The video compositing module 206 is then employed to render an environment of the environment video 122 based on the 3D data 212 based on the FIG. 1 extracting camera motion “C_f” from the viewpoint data 210 of the subject video 120. The video compositing module 206 is also configured to employ appearance harmonization by color tuning. Application of visual effects is also supported. Examples of which include reconstructing a subject to add shadow effects, using rendered depth from the 3D data 212 as blur map to apply lens blur effects, using rendered depth from the 3D data 212 as occlusion map for occlusion effects, and so on as further described in relation to FIG. 5 .
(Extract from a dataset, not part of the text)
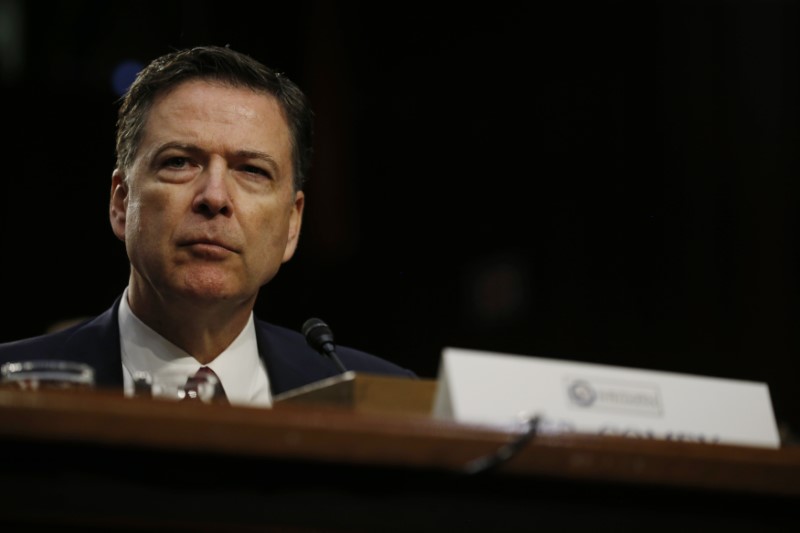 © Reuters. Former FBI Director Comey testifies before a Senate Intelligence Committee hearing in Washington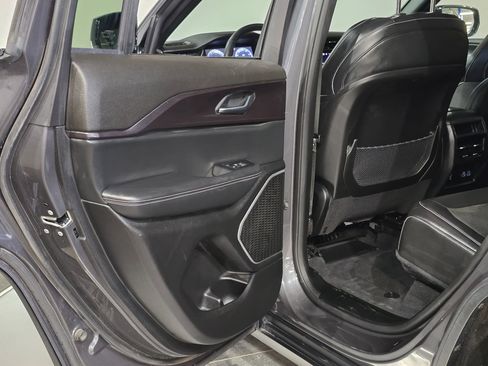 Used 2022 Jeep Grand Cherokee Altitude image 33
In comparison with conventional techniques, the video compositing service 116 exhibits improved performance and supports synthesis of novel views even in scenarios involving relatively large change in viewpoints, e.g., camera motions. Further, the 3D data 212 is reusable as an asset in support of other compositing scenarios, as the 3D data 212 supports rendering with arbitrary camera motion without addition training.
FIG. 3 depicts a system 300 in an example implementation showing operation of the subject video processing module 202 of the video compositing service 116 of FIG. 2 in greater detail. The subject video processing module 202 includes a segmentation module 302 that is configured to generate the subject data 208 as segmenting a subject from the subject video 120, e.g., into masks 304 for respective frames of the subject video 120. A variety of techniques are usable to do so, an example of which is referred to as “rotoscoping” as represented by a rotoscoping module 306 of the segmentation module 302.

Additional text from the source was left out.